I have written the Longest Common Subsequence algorithm in PL/SQL function. I need only the length of the subsequence as output. Now my greatest challenge is the speed of the function when using the function for hundreds of thousands of records. There is a nested loop which fills the multi-dimensional table type object.
I have two tables one containing 1 million records (string) and other having almost 28,000 records(string). The requirement is to map each records in table 1 with each records of table 2 and get the LCS length for each.

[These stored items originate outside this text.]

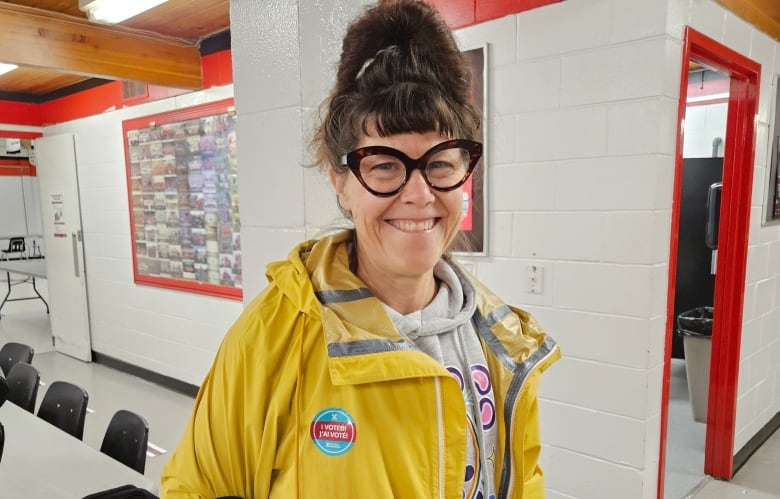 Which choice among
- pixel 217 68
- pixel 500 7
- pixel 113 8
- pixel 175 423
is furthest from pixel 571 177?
pixel 175 423

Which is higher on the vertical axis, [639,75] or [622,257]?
[639,75]

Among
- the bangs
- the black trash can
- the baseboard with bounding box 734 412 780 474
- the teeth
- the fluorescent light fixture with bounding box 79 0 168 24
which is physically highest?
the fluorescent light fixture with bounding box 79 0 168 24

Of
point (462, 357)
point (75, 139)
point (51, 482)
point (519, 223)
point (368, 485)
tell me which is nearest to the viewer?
point (368, 485)

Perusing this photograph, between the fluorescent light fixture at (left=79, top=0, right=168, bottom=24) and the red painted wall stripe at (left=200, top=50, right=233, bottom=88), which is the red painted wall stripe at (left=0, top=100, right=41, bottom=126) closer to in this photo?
the red painted wall stripe at (left=200, top=50, right=233, bottom=88)

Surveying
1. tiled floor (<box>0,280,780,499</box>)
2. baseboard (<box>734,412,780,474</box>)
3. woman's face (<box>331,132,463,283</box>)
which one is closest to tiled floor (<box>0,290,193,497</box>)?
tiled floor (<box>0,280,780,499</box>)

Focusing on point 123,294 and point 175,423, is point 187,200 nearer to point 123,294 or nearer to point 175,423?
point 123,294

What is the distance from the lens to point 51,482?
184 cm

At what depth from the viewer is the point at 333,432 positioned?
0.86 meters

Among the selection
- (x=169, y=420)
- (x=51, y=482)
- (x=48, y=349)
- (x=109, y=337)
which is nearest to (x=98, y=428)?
(x=169, y=420)

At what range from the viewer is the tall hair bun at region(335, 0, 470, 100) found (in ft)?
3.02

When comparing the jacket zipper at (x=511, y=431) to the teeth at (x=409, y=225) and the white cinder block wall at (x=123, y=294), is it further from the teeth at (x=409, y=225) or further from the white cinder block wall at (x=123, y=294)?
the white cinder block wall at (x=123, y=294)

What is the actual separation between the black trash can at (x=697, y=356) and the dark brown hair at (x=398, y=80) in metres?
3.16

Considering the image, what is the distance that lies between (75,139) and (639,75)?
5287 millimetres

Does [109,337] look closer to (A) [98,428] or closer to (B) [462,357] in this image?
(A) [98,428] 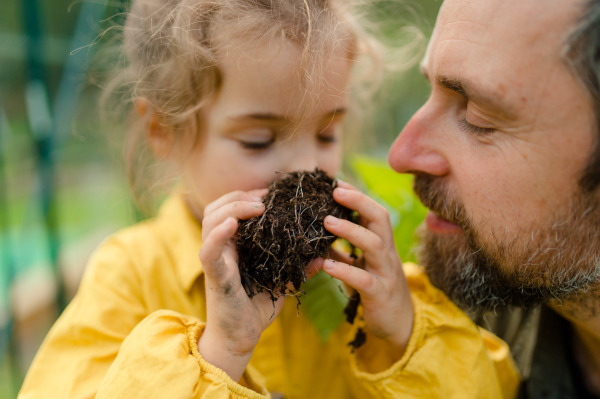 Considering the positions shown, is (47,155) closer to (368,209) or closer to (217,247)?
(217,247)

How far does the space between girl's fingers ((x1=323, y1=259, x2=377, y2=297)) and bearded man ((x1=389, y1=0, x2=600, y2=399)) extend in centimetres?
38

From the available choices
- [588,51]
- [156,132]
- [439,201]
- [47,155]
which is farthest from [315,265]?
[47,155]

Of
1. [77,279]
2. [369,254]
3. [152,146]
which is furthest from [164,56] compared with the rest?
[77,279]

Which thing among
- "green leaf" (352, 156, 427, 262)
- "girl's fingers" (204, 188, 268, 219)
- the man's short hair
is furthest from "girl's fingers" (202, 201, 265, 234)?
"green leaf" (352, 156, 427, 262)

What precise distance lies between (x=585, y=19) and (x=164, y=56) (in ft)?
4.76

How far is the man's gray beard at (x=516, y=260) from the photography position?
1.20 m

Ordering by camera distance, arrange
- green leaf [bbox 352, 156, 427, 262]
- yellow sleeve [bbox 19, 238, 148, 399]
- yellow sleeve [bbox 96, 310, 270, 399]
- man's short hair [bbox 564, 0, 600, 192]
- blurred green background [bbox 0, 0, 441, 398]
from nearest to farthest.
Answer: man's short hair [bbox 564, 0, 600, 192] → yellow sleeve [bbox 96, 310, 270, 399] → yellow sleeve [bbox 19, 238, 148, 399] → green leaf [bbox 352, 156, 427, 262] → blurred green background [bbox 0, 0, 441, 398]

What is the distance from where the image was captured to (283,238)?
1.15 meters

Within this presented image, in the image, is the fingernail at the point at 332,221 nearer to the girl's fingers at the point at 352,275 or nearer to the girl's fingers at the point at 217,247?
the girl's fingers at the point at 352,275

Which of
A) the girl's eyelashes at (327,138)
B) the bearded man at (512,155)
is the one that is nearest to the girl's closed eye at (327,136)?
the girl's eyelashes at (327,138)

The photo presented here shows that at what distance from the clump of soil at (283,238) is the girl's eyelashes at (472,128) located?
1.63 feet

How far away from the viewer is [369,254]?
4.31 ft

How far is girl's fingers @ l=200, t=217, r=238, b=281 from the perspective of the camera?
109cm

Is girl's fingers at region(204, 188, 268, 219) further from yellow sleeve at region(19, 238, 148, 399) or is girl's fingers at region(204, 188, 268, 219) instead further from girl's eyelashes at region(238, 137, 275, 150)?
yellow sleeve at region(19, 238, 148, 399) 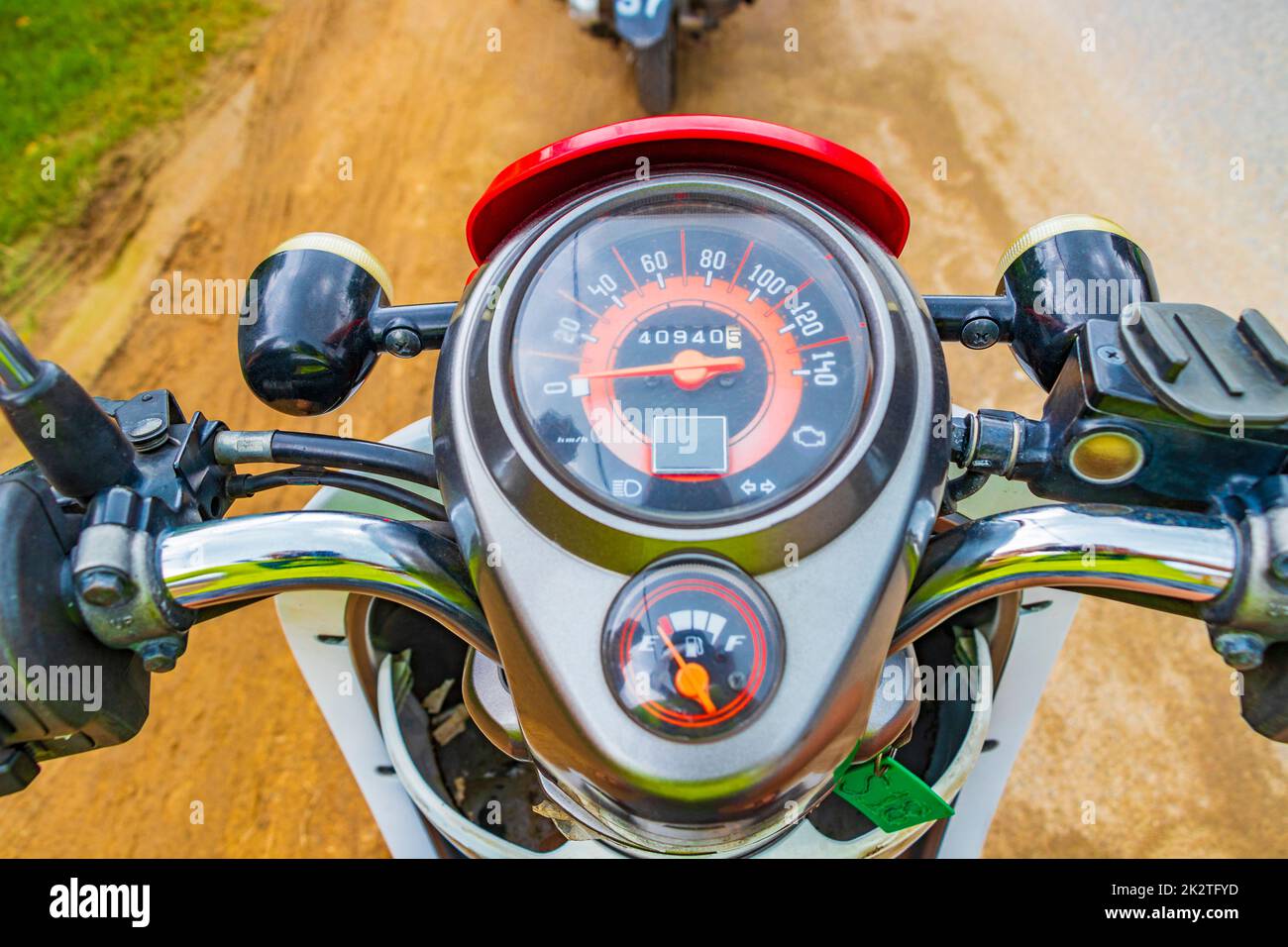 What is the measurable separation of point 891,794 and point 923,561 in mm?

According to my analysis the nested for loop is taking maximum amount of time.
/*
LCS LOGIC
*/
1 CREATE OR REPLACE
2 FUNCTION GET_LCS_LENGTH(
3 table1_string IN NVARCHAR2,
4 table2_string IN NVARCHAR2)
5 RETURN NUMBER
6 AS
7 TYPE t_number_array IS TABLE OF NUMBER INDEX BY BINARY_INTEGER;
8 TYPE t_bidimensional_number_array IS TABLE OF t_number_array INDEX BY BINARY_INTEGER;
9 matrix t_bidimensional_number_array ;
10 --...
11 BEGIN
12 len_str1 := LENGTH(table1_string);
13 len_str2 := LENGTH(table2_string);
14 matrix(1)(1) := 0;
15 FOR i IN 2..(len_str2+1)
16 LOOP
17 matrix(i)(1) := 0;
18 ch1 := SUBSTR(table2_string,i-1,1);
19 FOR j IN 2..(len_str1+1)
20 LOOP
21 matrix(1)(j) := 0;
22 ch2 := SUBSTR(table1_string,j-1,1);
23 IF ch1 = ch2 THEN
24 matrix(i)(j) := matrix(i - 1)(j - 1) + 1;
25 ELSE
26 matrix(i)(j) := greatest(matrix(i)(j - 1),matrix(i - 1)(j));
27 END IF;
28 END LOOP;
29 END LOOP;
30 lcs_Dist := matrix(len_str2+1)(len_str1+1);
31 matrix.DELETE;
32 END;
/*
LCS LOGIC END
*/
How can I replace this nested for loop to get the LCS length or use some different logic or how to optimize this code further?
Currently when one record in table 1 maps with each 28,000 records in table 2 , the time taken is 5 seconds which is costly for me.
It should run in fractions of seconds for 28,000 records then only I can achieve a certain goal with the other 1 million records.